On 11 Feb 2012, at 16:37, Peter Baumgartner <pe...@boinx.com> wrote:

> Hi Mike,
>
> Right after WWDC I did some sandboxing work. Dan showed the stuff I had done to Ivan at the Lion Dev Kitchen in Cupertino. He said that we would get the necessary (broad) entitlements for iMedia, but only if we factor them out into XPC bundles. So it is absolutely necessary that we do this work now, or iMedia won't have much of a future - i.e. unless Apple chooses to ditch it's plans for sandboxing at the last minute. But I guess that would be wishful thinking ;-)
>
> BTW, the entitlements for reading Music, Pictures, and Movies folders are not enough.
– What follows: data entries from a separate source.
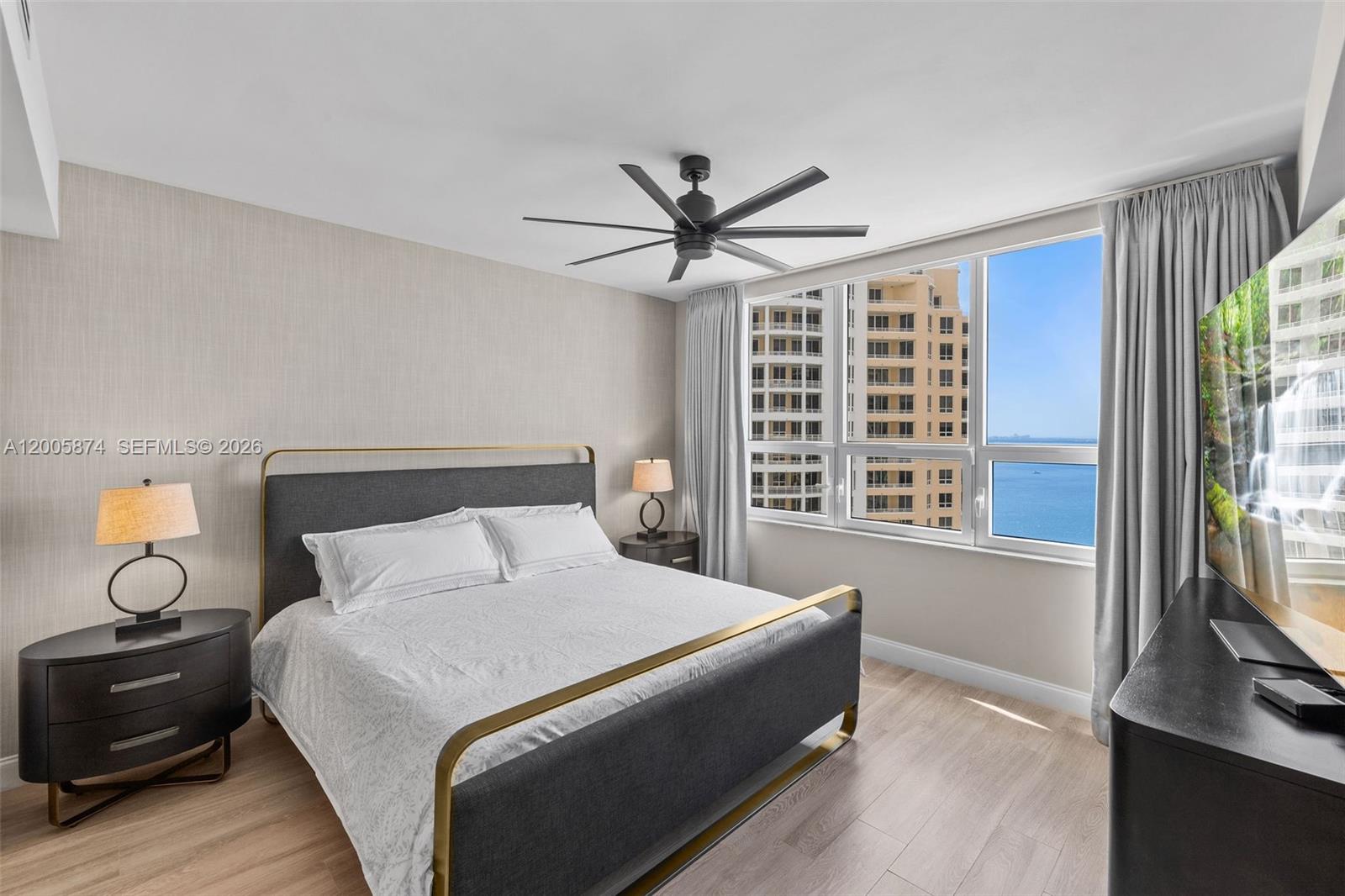 848 Brickell Key Drive, Unit 3403 Miami, FL 33131 - Photo 31 of 57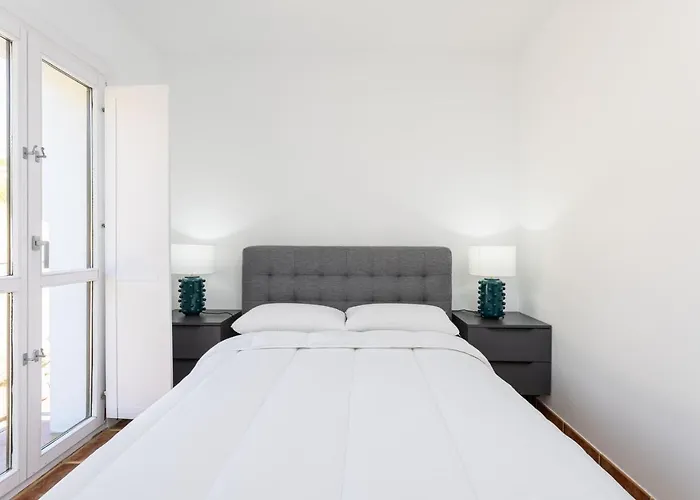 Private 4 Bedrooms House Shared Pool Montevideo Hills Golf By Aorastay 호텔 에스테포나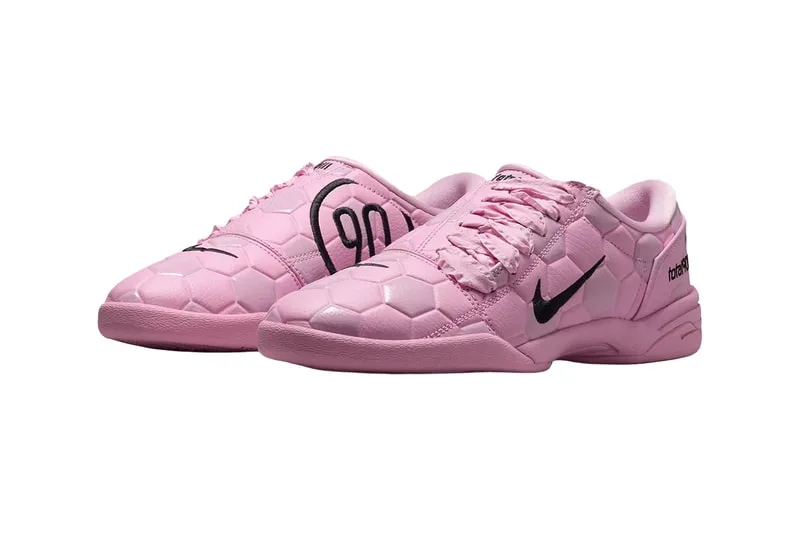 nike-total-90-iii-pink-rise-un-hommage-au-football/carousel-1.jpg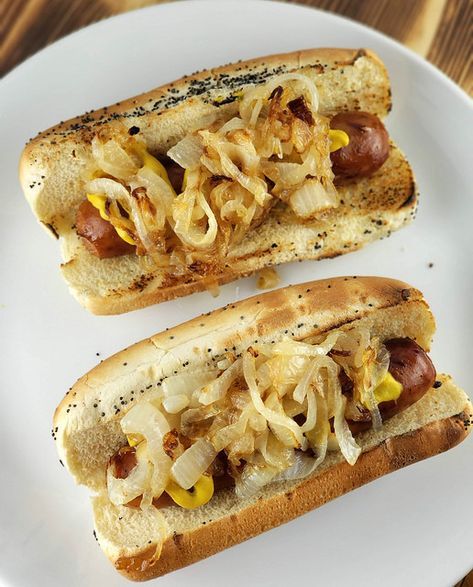 Maxwell Street Polish Sausage Sandwich Recipes, Polish Sausage Recipes, Hot Dog Sauce Recipe, Polish Recipe, Hot Dogs Recipes, Best Sandwich Recipes, Sausage Sandwiches, Polish Sausage, Hot Dog Recipes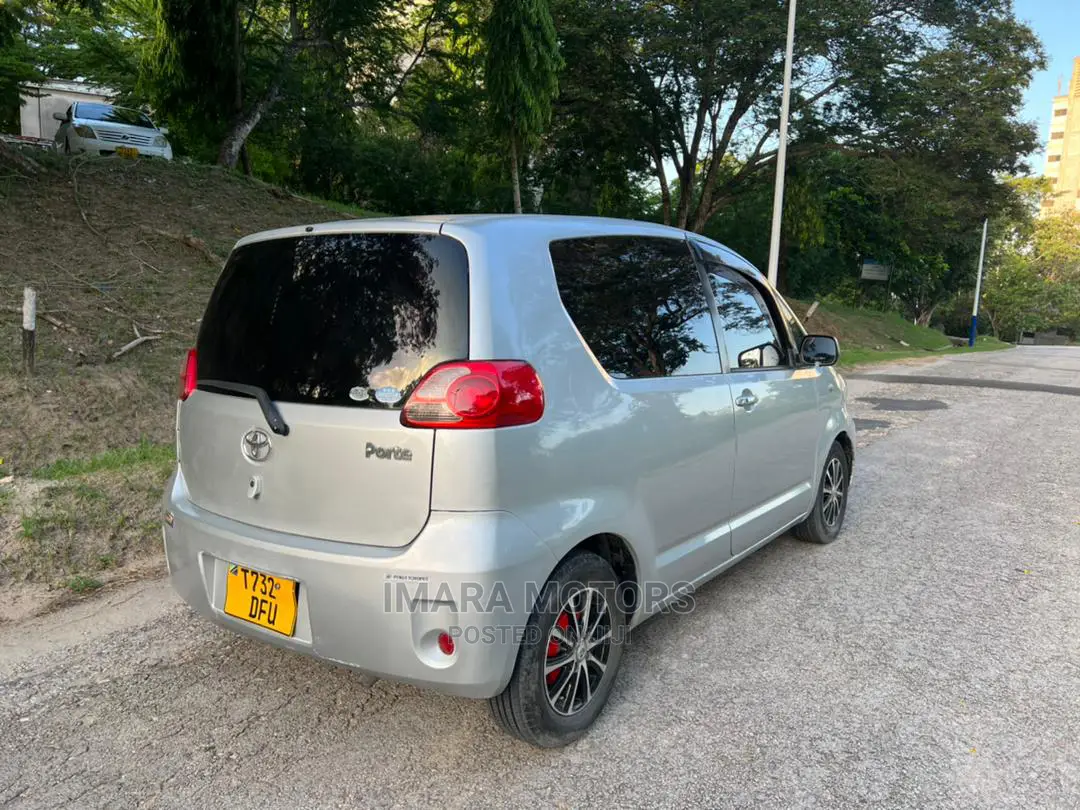 Toyota Porte 2004 Silver
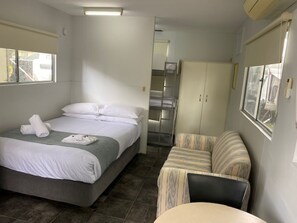 Iron/ironing board, bed sheets - NRMA Bairnsdale Riverside Holiday Park (Bairnsdale)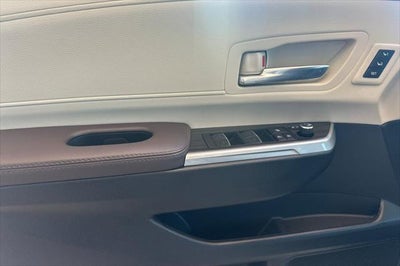 2024 Toyota Sienna Platinum 7 Passenger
We need to be able to read the *entire* file system. Folder parser for one requires that, and iTunes, iPhoto, Lightroom, or Aperture all have the ability to spread their media files all over the place, not just on a single volume, but on multiple volumes. Ivan understood these requirements and told us we would get the necessary temporary exception entitlement (but only if factored out to an XPC service).

And this is the bit I find strange: splitting out a service to gain a *temporary* entitlement. These cases are all relatively advanced use cases; the people that apple probably cares about least right now.

As it stands presently, Sandvox is pretty going to be forced to ask for read only access to the file system, regardless of iMedia. The problem that everybody's fairly desperately waiting on apple to solve: persistent access to individual files/folders. If we can have that, Sandvox no longer needs such a broad entitlement, and iMedia's folder parser can work again.

After that, the remaining problem is external media referenced by Aperture etc. Again it seems we need to wait on apple for a decent solution, rather than refactor in order to have a temporary solution.